A = [0 0 0 0;1 NaN NaN 4;2 3 5 8];

% Although we can't plot this matrix using the functions surf or mesh,
% surely we can visualize what the fudamental shape is.

% There are only two unknown elements, the artifacts that inpaint_nans
% would fill in: A(2,2) and A(2,3).

% For an equally spaced grid, Lagrange's equation (or Poisson's equation
% of heat conduction at steady state if you prefer), approximated using
% finite differences to the partial derivatives, implies that at any node
% in the grid, we could replace it by the average of its 4 neighbors.
% Thus the two NaN elements generate two linear equations:
%
%  A(2,2) = (A(1,2) + A(3,2) + A(2,1) + A(2,3)) / 4
%  A(2,3) = (A(1,3) + A(3,3) + A(2,2) + A(2,4)) / 4
%
% Since we know all the parameters but A(2,2) and A(2,3), substitute their
% known values.
%
%  A(2,2) = (0 + 3 + 1 + A(2,3)) / 4
%  A(2,3) = (0 + 5 + A(2,2) + 4) / 4
%
% Or,
%
%  4*A(2,2)  - A(2,3) = 4
%  -A(2,2) + 4*A(2,3) = 9
%
% We can solve for the unkowns now using 
u = [4 -1;-1 4]\[4;9]

A(2,2) = u(1);
A(2,3) = u(2);

% and finally plot the surface
close
surf(A)
title 'A simply inpainted surface'

% Neat hah? For an arbitrary number of NaN elements in an array,
% the above scheme is all there is to method 2 of inpaint_nans,
% together with a very slick application of sparse linear algebra
% in Matlab.

% Method 0 is very similar, but I've optimized it to build as
% small a linear system as possible for those cases where an array
% has only a few NaN elements.

% Method 1 is another subtle variation on this scheme, but it
% tries to be slightly smoother at some cost of efficiency, while
% still not modifying the known (non-NaN) elements of the array.

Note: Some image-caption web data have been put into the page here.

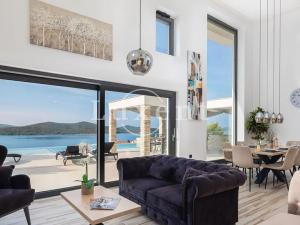 Prodej vily, Šibenik, Chorvatsko, 361 m2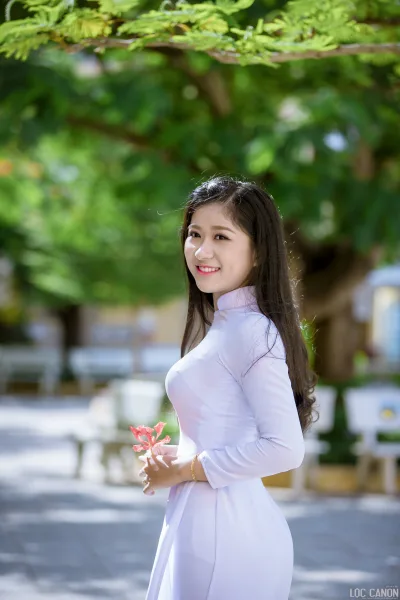 Hot girl áo dài trắng thanh lịch hoa [4BIGN1]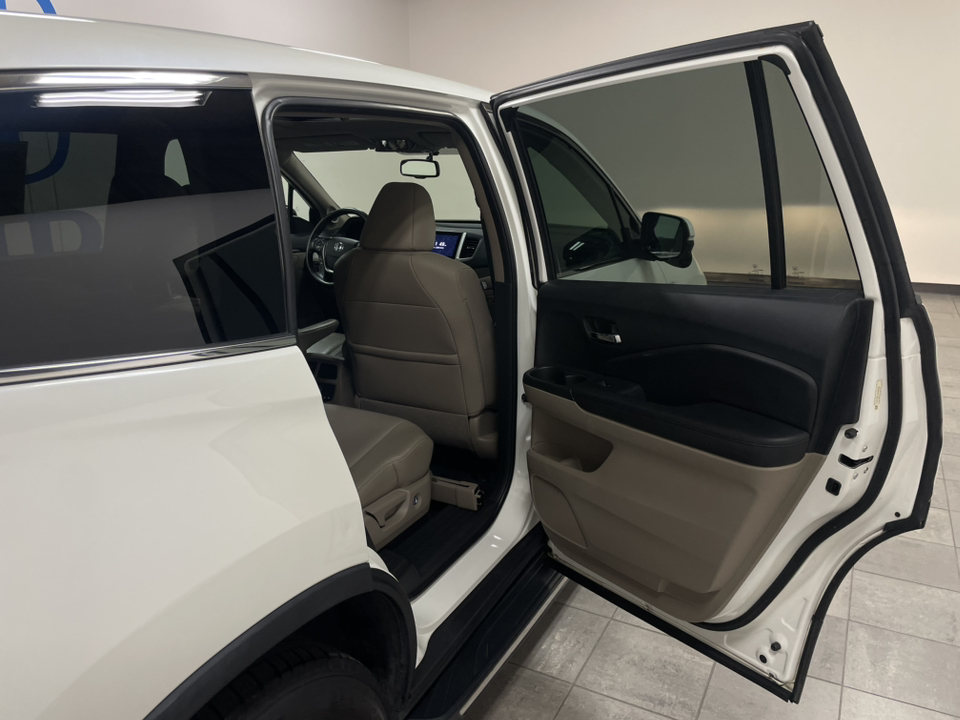 2016 Honda Pilot  35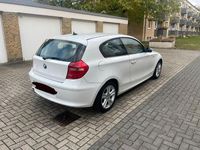 Gebraucht BMW 118 143 PS (105 kW) 2007 Weiß Kleinwagen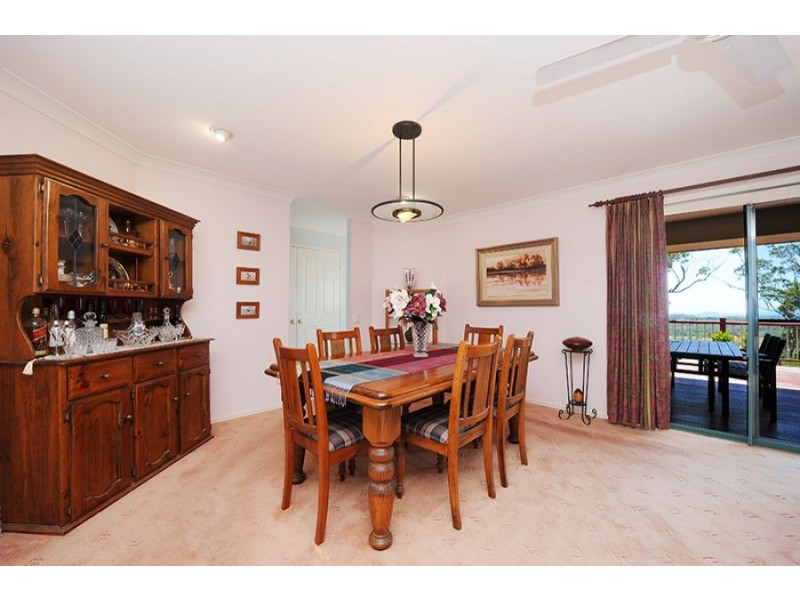 24 Crystal Street, Mapleton QLD 4560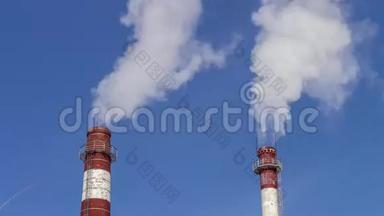 <strong>烟斗</strong>逆天.. 工业企业的空气污染。 锅炉排放蒸汽，全球变暖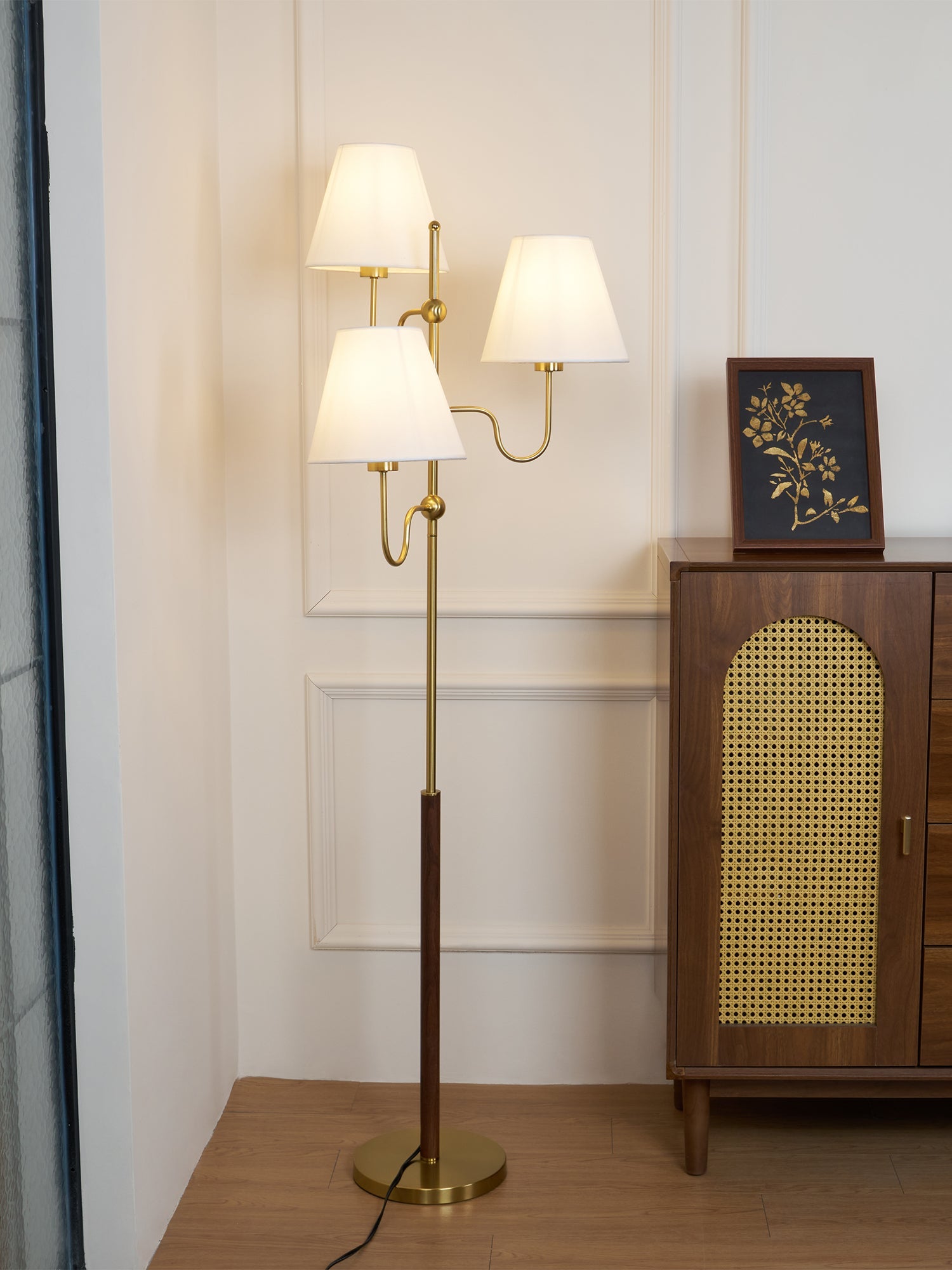 Serenade Floor Lamp - Blowlighting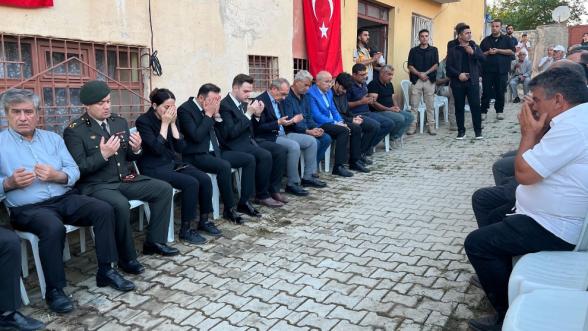 Şehit Abdurrahman Akdoğanın ailesine Vali Yavuz ve Başkan Erden Ziyaret
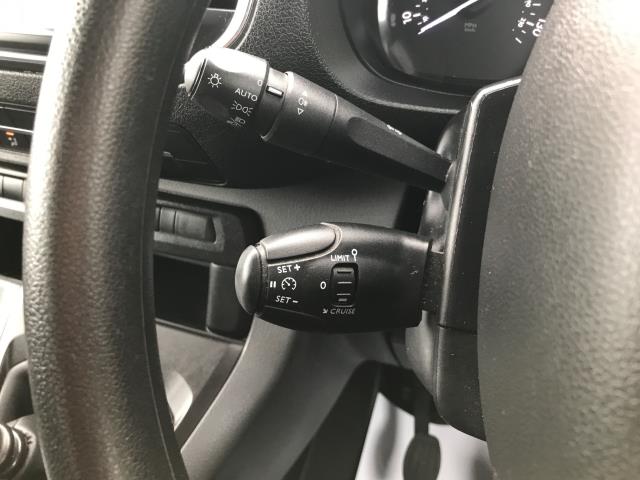 2020 Vauxhall Vivaro 2900 1.5D 100Ps Dynamic H1 Van (DV70YYW) Image 26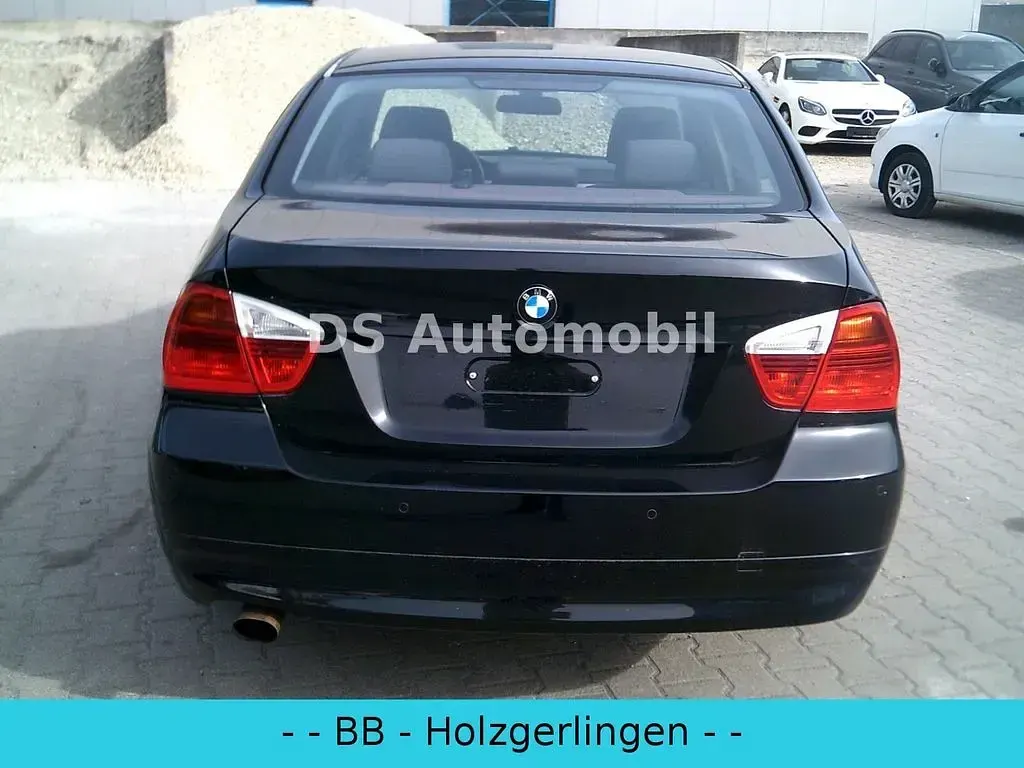 Gebraucht BMW 318 Comfort Edition 129 PS (94 kW) 2006 Schwarz Limousine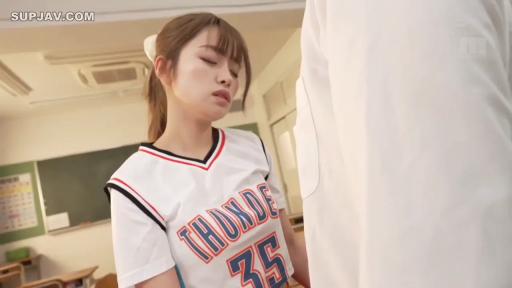 面部 · 教室 · 站立 · 喘息 · 恍惚 · 黑板 · 马尾 · 篮球服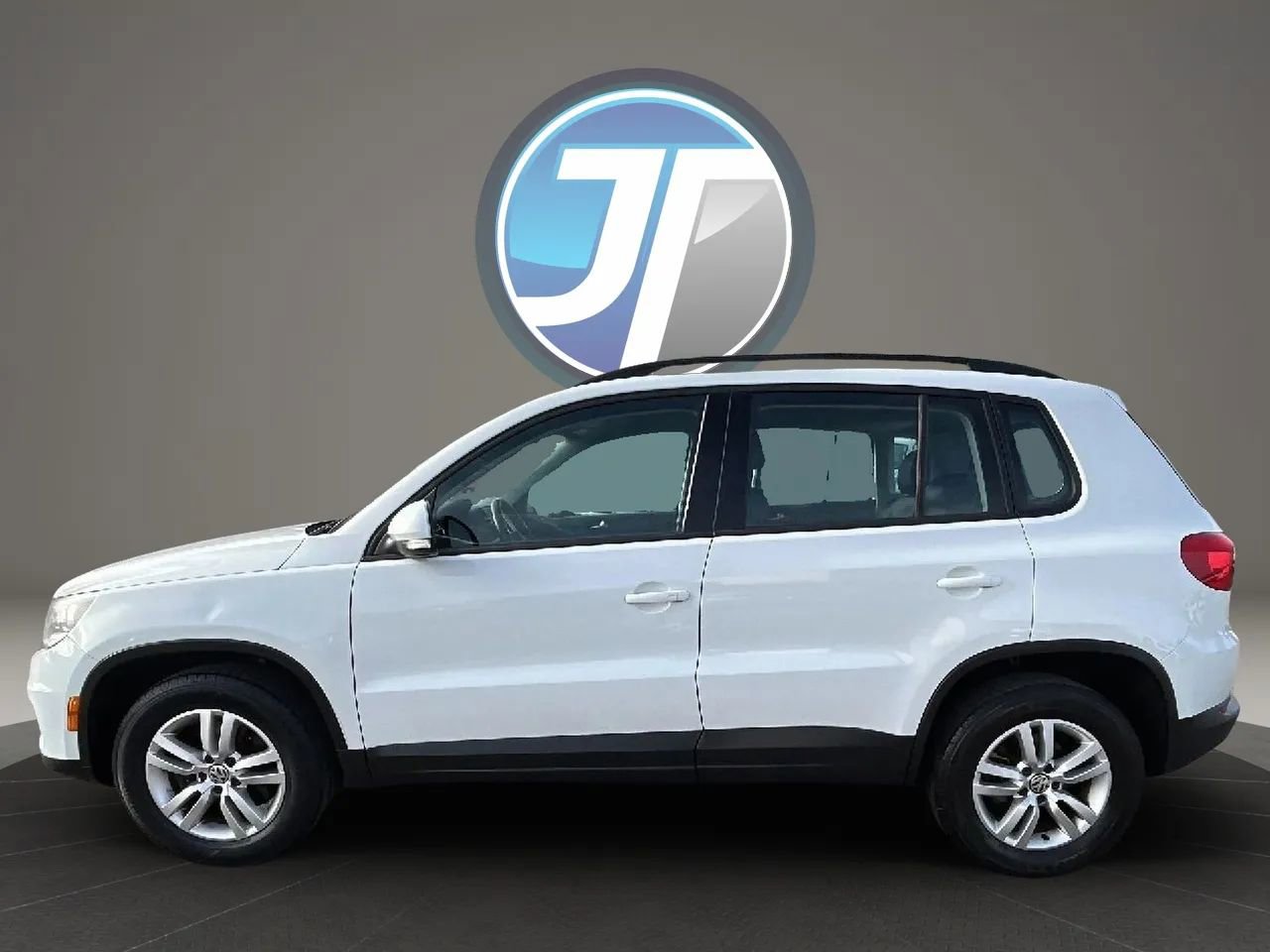 Used 2016 Volkswagen Tiguan SE image 18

% Method 5 of inpaint_nans is also very similar to method 2, except
% that it uses a simple average of all 8 neighbors of an element.

% Method 3 is yet another variation on this theme, except the
% differential equation model used is one more suited to a model
% of a thin plate than for heat diffusion. Here I've used del^4
% as the governing PDE, again discretized into a linear system of
% equations.

%%

% Finally, method 4 of inpaint_nans has a different underlying
% model. Pretend that each element in the array was connected to
% its immediate neighbors to the left, right, up, and down by
% "springs". They are also connected to their neighbors at 45
% degree angles by springs with a weaker spring constant. Since
% the potential energy stored in a spring is proportional to its
% extension, we can formulate this again as a linear system of
% equations to be solved. For the example above, we would generate
% the set of equations:

%  A(2,2) - A(1,2) = 0
%  A(2,2) - A(2,1) = 0
%  A(2,2) - A(3,2) = 0
%  A(2,2) - A(2,3) = 0
% (A(2,2) - A(1,1))/sqrt(2) = 0
% (A(2,2) - A(1,3))/sqrt(2) = 0
% (A(2,2) - A(3,1))/sqrt(2) = 0
% (A(2,2) - A(3,3))/sqrt(2) = 0
%  A(2,3) - A(1,3) = 0
%  A(2,3) - A(2,2) = 0
%  A(2,3) - A(3,3) = 0
%  A(2,3) - A(2,4) = 0
% (A(2,3) - A(1,2))/sqrt(2) = 0
% (A(2,3) - A(1,4))/sqrt(2) = 0
% (A(2,3) - A(3,2))/sqrt(2) = 0
% (A(2,3) - A(3,4))/sqrt(2) = 0

% Substitute for the known elements to get

%  A(2,2) - 0 = 0
%  A(2,2) - 1 = 0
%  A(2,2) - 3 = 0
%  A(2,2) - A(2,3) = 0
% (A(2,2) - 0)/sqrt(2) = 0
% (A(2,2) - 0)/sqrt(2) = 0
% (A(2,2) - 2)/sqrt(2) = 0
% (A(2,2) - 5)/sqrt(2) = 0
%  A(2,3) - 0 = 0
%  A(2,3) - A(2,2) = 0
%  A(2,3) - 5 = 0
%  A(2,3) - 4 = 0
% (A(2,3) - 0)/sqrt(2) = 0
% (A(2,3) - 0)/sqrt(2) = 0
% (A(2,3) - 3)/sqrt(2) = 0
% (A(2,3) - 8)/sqrt(2) = 0

% This system is also solvable now:
r2 = 1/sqrt(2);
M=[1 0;1 0;1 0;1 -1;r2 0;r2 0;r2 0;r2 0;0 1;-1 1;0 1;0 1;0 r2;0 r2;0 r2;0 r2];
v = M\[0 1 3 0 0 0 2*r2 5*r2 0 0 5 4 0 0 3*r2 8*r2]'

A(2,2) = v(1);
A(2,3) = v(2);

% and finally plot the surface
surf(A)
title 'A simply inpainted surface using a spring model'

%%

% Why did I provide this approach, based on a spring metaphor?
% As you should have observed, methods 2 and 4 are really quite close
% in what they do for internal NaN elements. Its on the perimeter that
% they differ significantly. The diffusion/Laplacian model will
% extrapolate smoothly, and as linearly as possible. The spring model
% will tend to extrapolate as a constant function.